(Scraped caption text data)
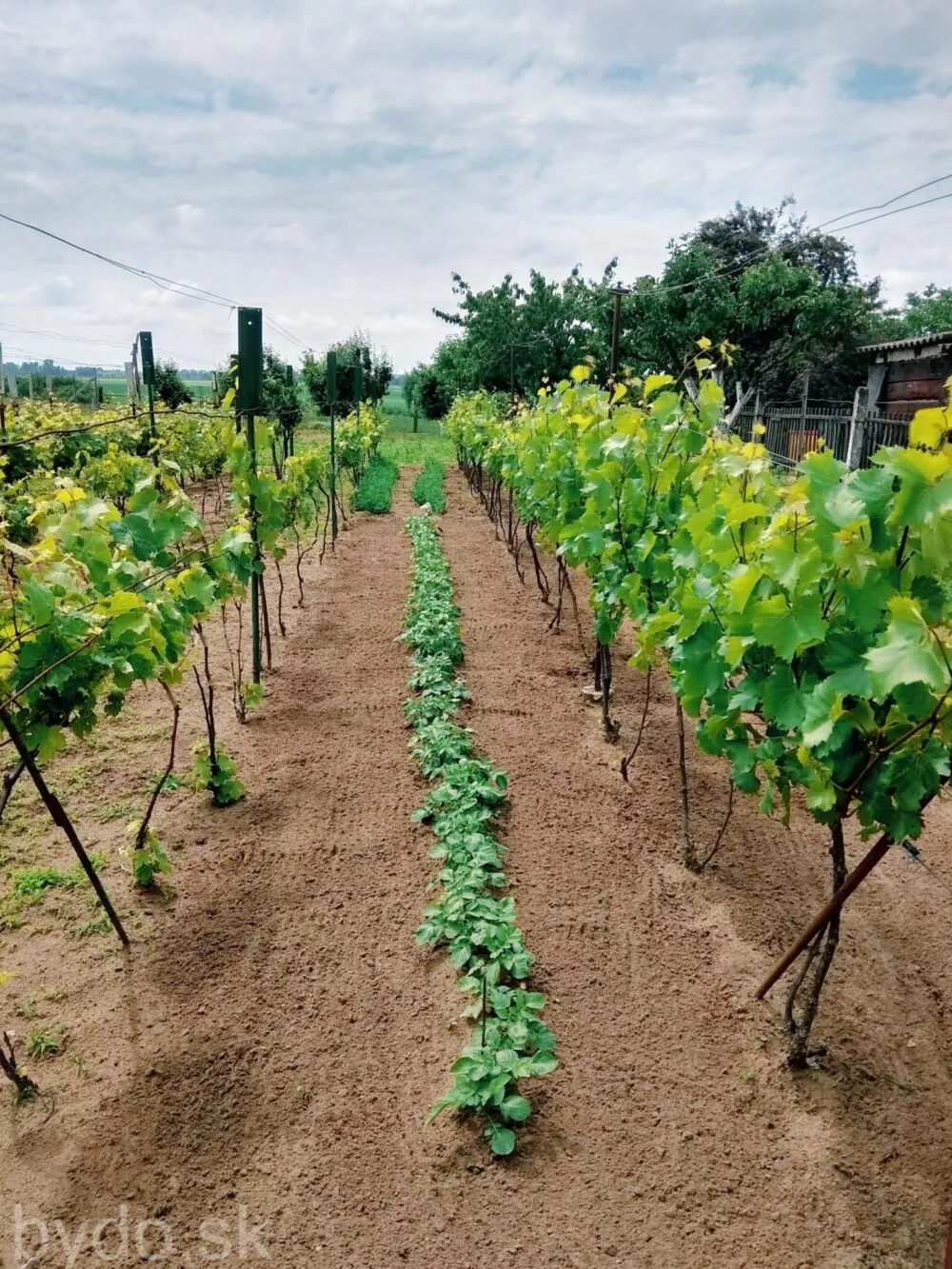 Rodinný dom na predaj 105m2, Hlavná , Leles, 87876_7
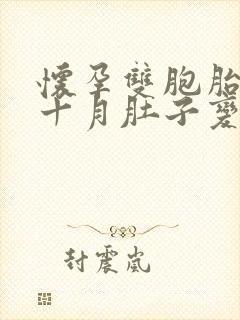 怀孕双胞胎一到十月肚子变化视频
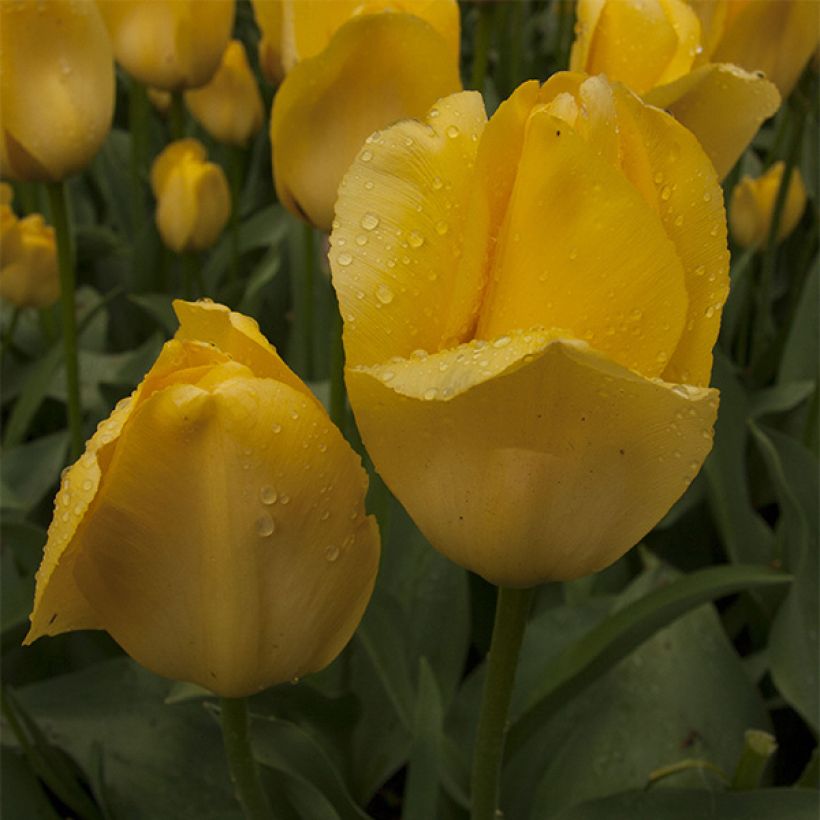 Darwin-Hybrid-Tulpe Tulipa (Blüte)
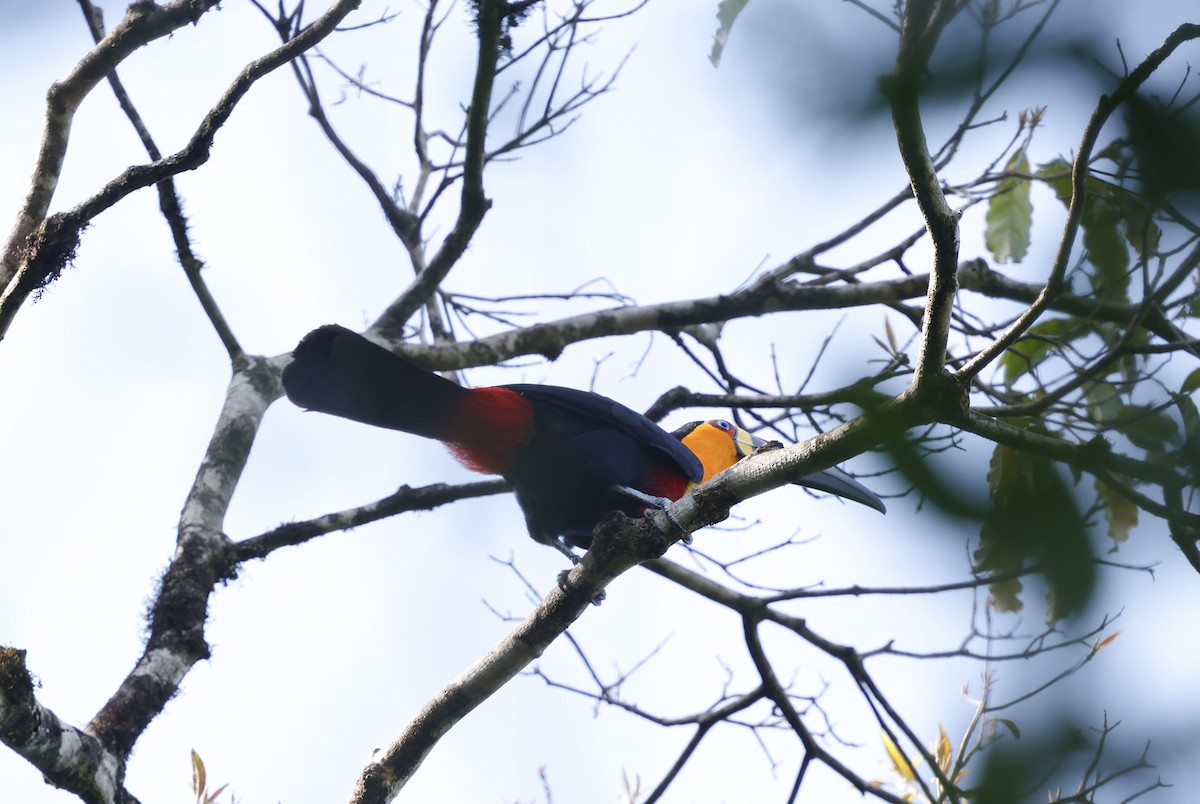 Channel-billed Toucan (Ariel) - ML644802132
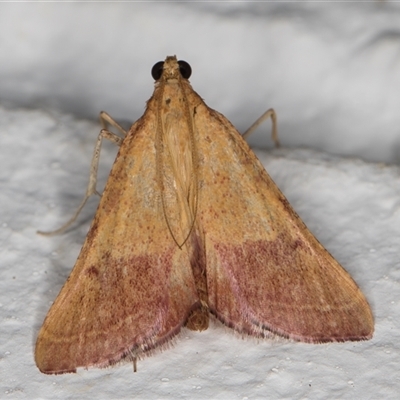 Endotricha pyrosalis (A Pyralid moth (Endotrichinae) at Melba, ACT - 30 Nov 2024 by kasiaaus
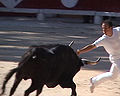 Course camarguaise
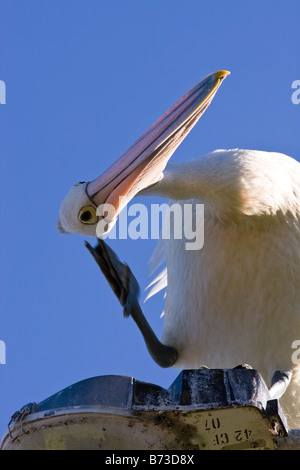 Un australiano pelican graffiare esso s testa Foto Stock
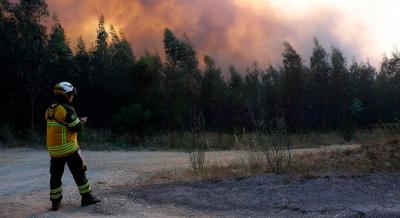 Dezoito concelhos de três distritos em perigo máximo de incêndio - TVI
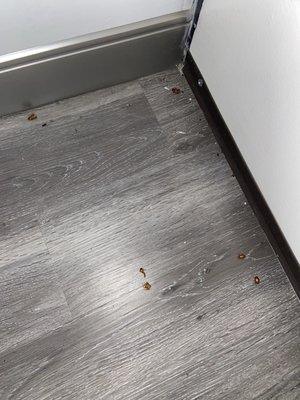 Grime and dead bugs.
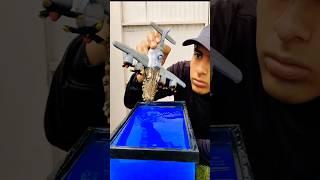 BOMBARDIRO CROCODILO TURNED BLUE BRAINROT ANIMALS REAL LIFE #Shorts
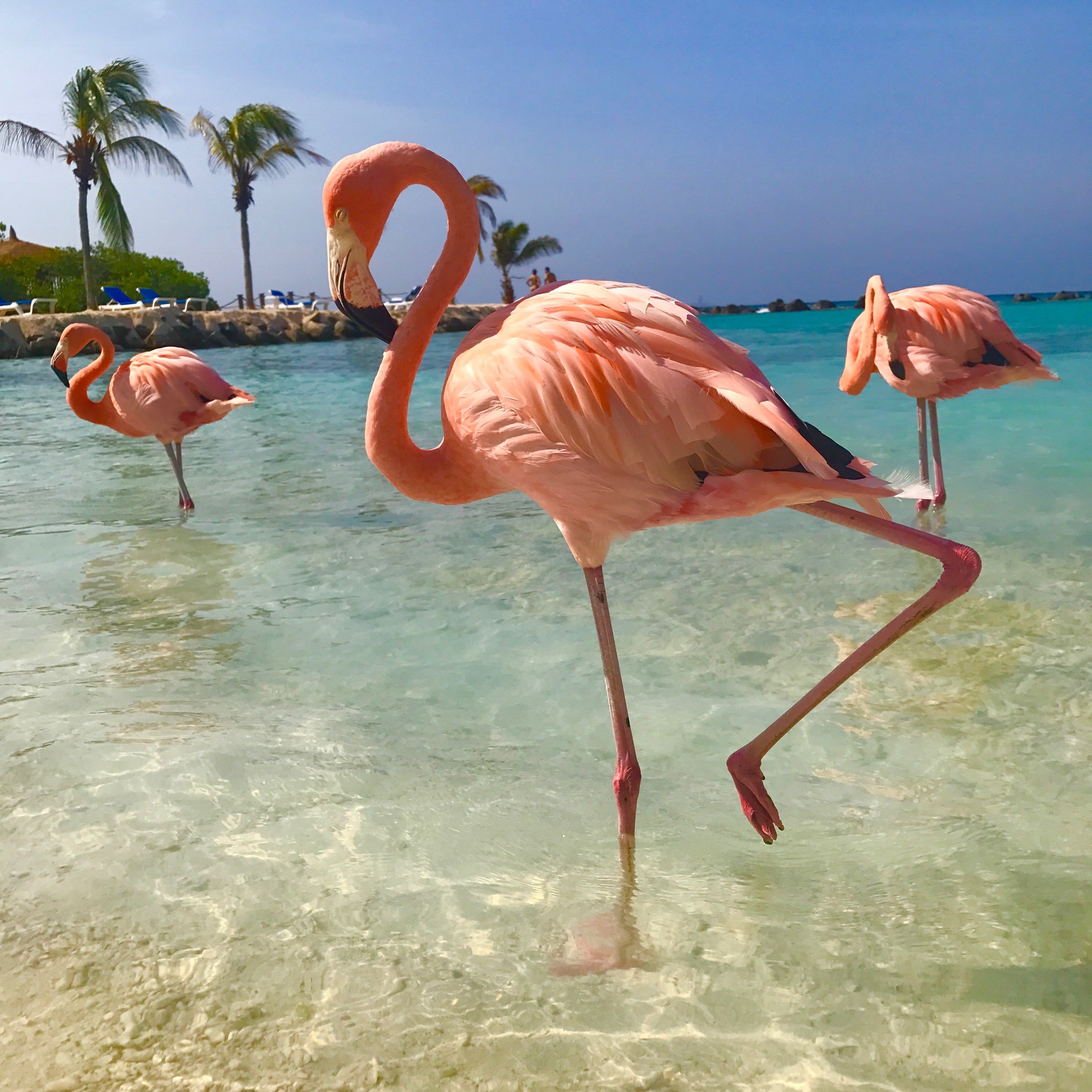There's a small island in the Caribbean where you can frolic with ...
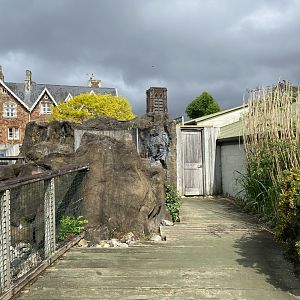 Bristol Zoo Seal and Penguin Coasts
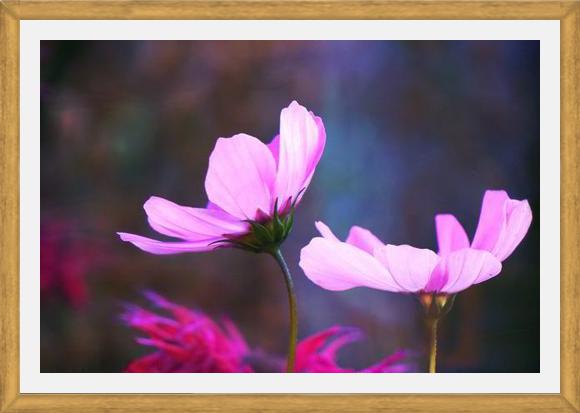 Cuadro Pink Cosmo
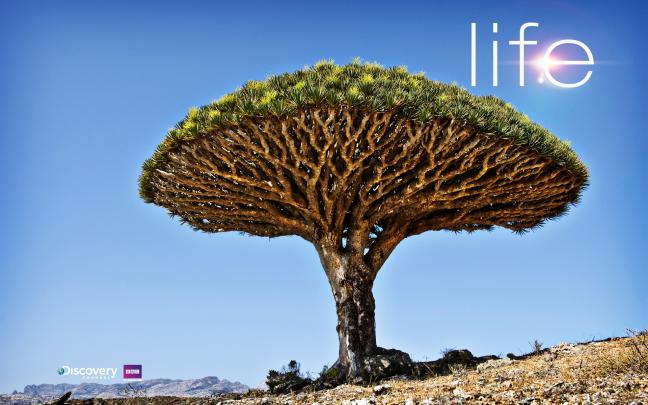 Discovery Channel HD Wallpapers | Full HD Pictures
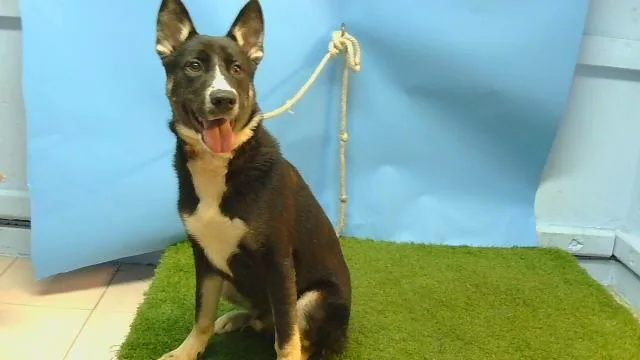 A young small-sized male Siberian Husky dog named Kong for adoption in Gardena, CA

▸ WHAT THE EXERCISE ASKS:
All lines from the one containing "Darwin-Hybrid-Tulpe Tulipa (Blüte)" through the end of the data are to be restated exactly, with nothing else and without the pictures.

▸ SOLUTION TO THIS EXERCISE:
 Darwin-Hybrid-Tulpe Tulipa (Blüte)
 Channel-billed Toucan (Ariel) - ML644802132
 Endotricha pyrosalis (A Pyralid moth (Endotrichinae) at Melba, ACT - 30 Nov 2024 by kasiaaus
 Course camarguaise
 Un australiano pelican graffiare esso s testa Foto Stock
 Dezoito concelhos de três distritos em perigo máximo de incêndio - TVI
 Grime and dead bugs.
 BOMBARDIRO CROCODILO TURNED BLUE BRAINROT ANIMALS REAL LIFE #Shorts
There's a small island in the Caribbean where you can frolic with ...
 Bristol Zoo Seal and Penguin Coasts
 Cuadro Pink Cosmo
 Discovery Channel HD Wallpapers | Full HD Pictures
 A young small-sized male Siberian Husky dog named Kong for adoption in Gardena, CA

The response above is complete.